== Segment start ==

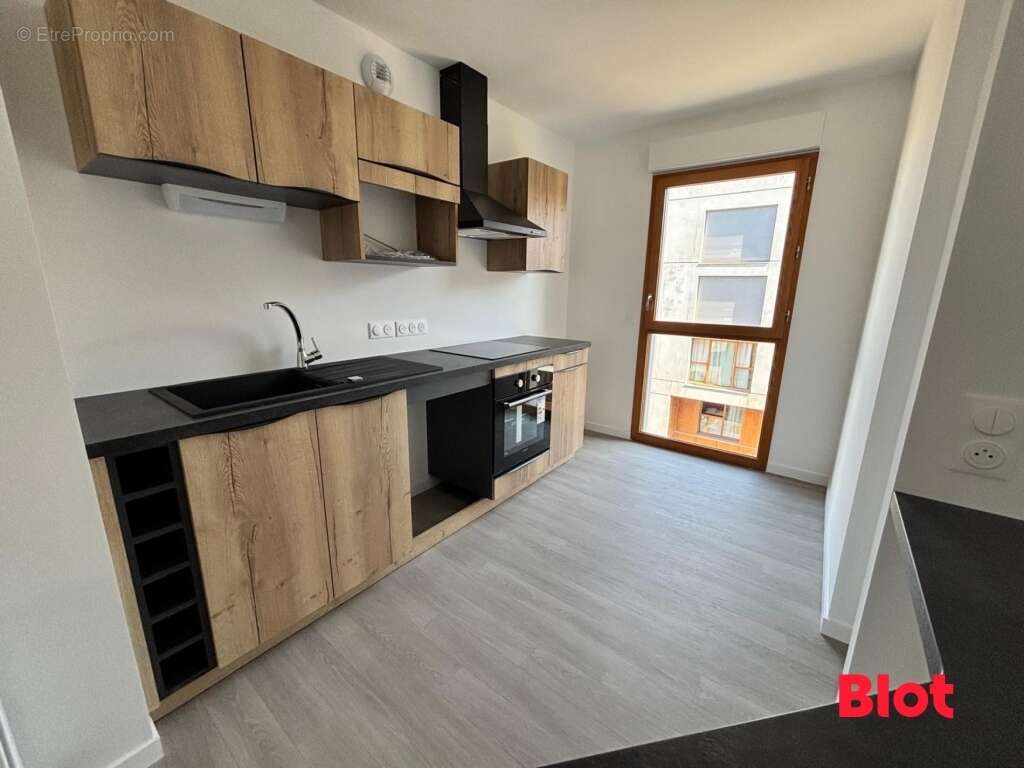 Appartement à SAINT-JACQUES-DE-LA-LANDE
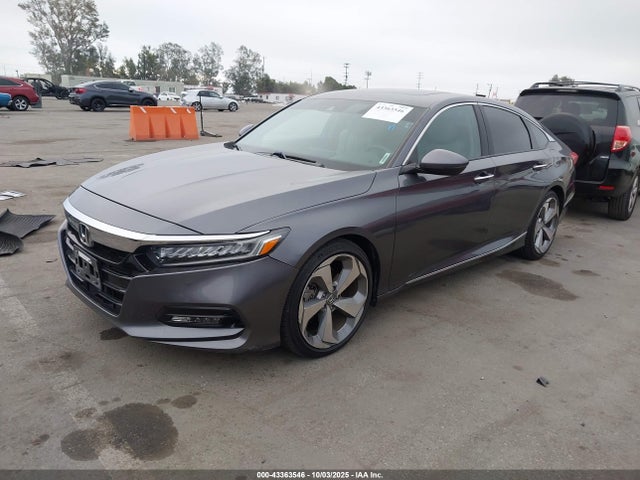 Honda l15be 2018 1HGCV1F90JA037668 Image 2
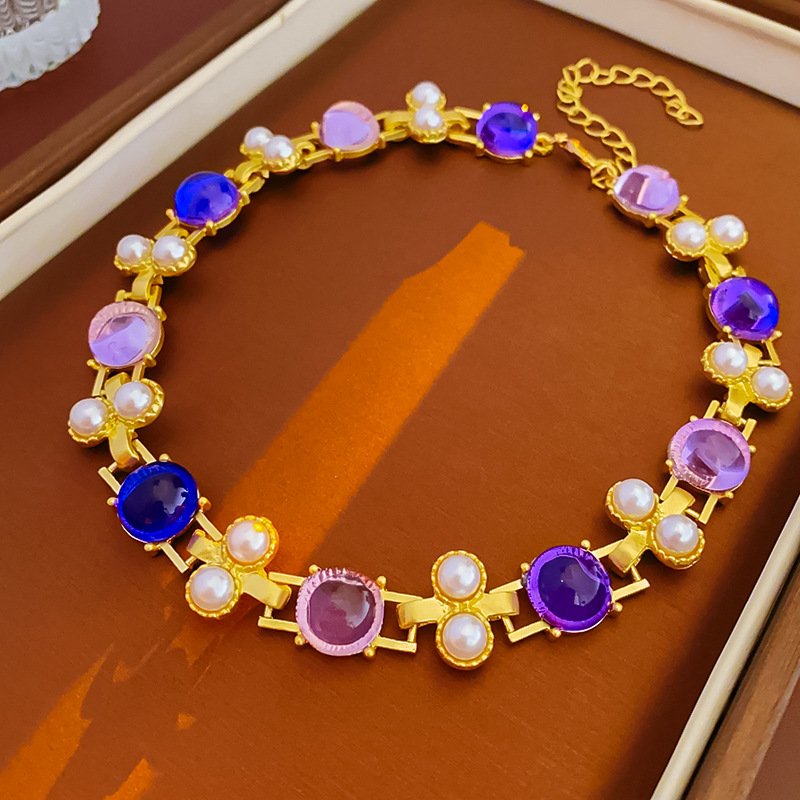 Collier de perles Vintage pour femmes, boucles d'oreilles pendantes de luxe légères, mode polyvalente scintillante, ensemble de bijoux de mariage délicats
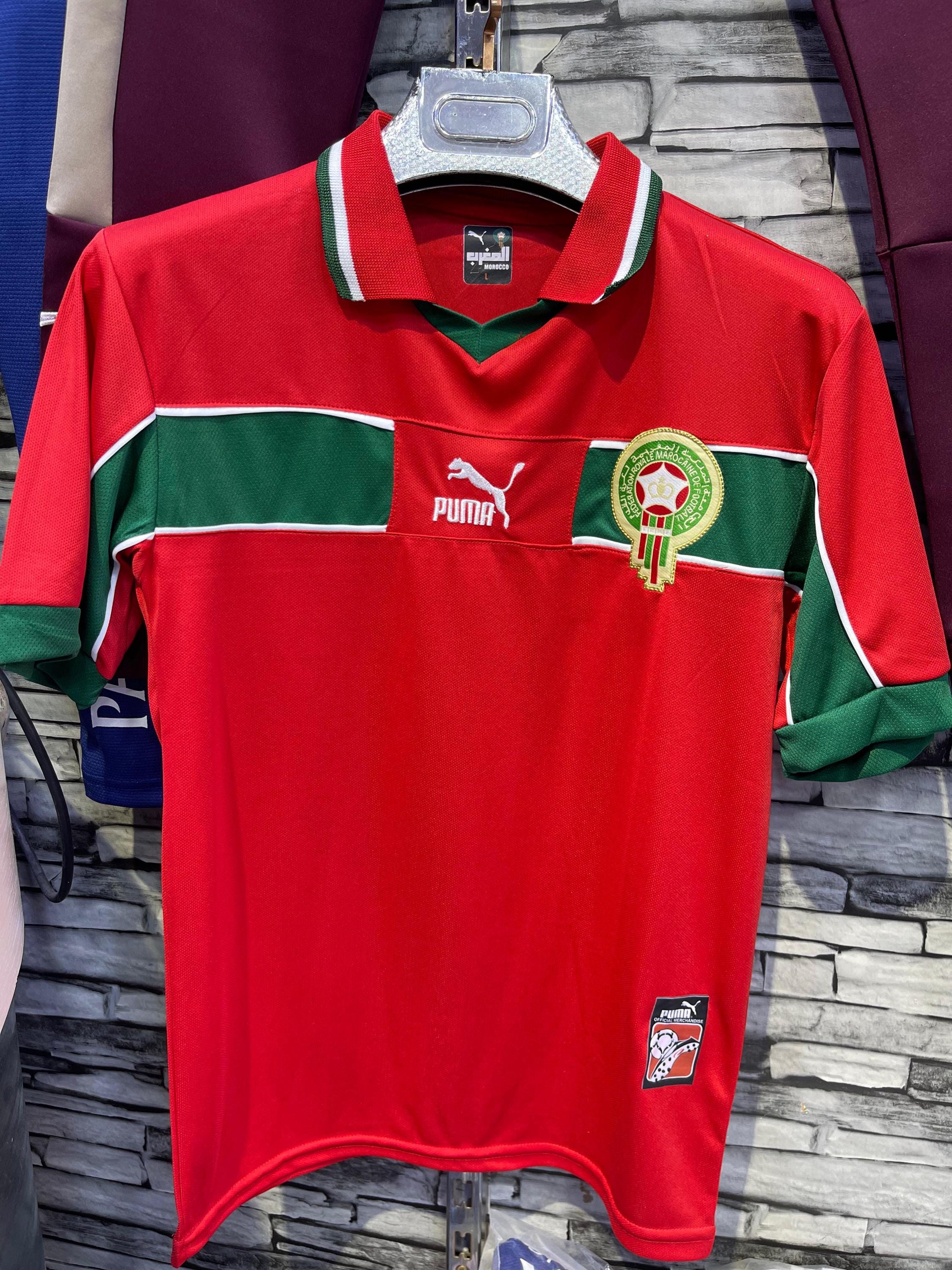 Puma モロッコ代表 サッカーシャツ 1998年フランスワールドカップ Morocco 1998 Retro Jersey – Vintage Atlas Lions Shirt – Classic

== Segment end ==

**WHAT IS NEEDED**
An exact copy of the data above is required, printed without its pictures.

**EXERCISE ANSWER**
 Appartement à SAINT-JACQUES-DE-LA-LANDE
 Honda l15be 2018 1HGCV1F90JA037668 Image 2
 Collier de perles Vintage pour femmes, boucles d'oreilles pendantes de luxe légères, mode polyvalente scintillante, ensemble de bijoux de mariage délicats
 Puma モロッコ代表 サッカーシャツ 1998年フランスワールドカップ Morocco 1998 Retro Jersey – Vintage Atlas Lions Shirt – Classic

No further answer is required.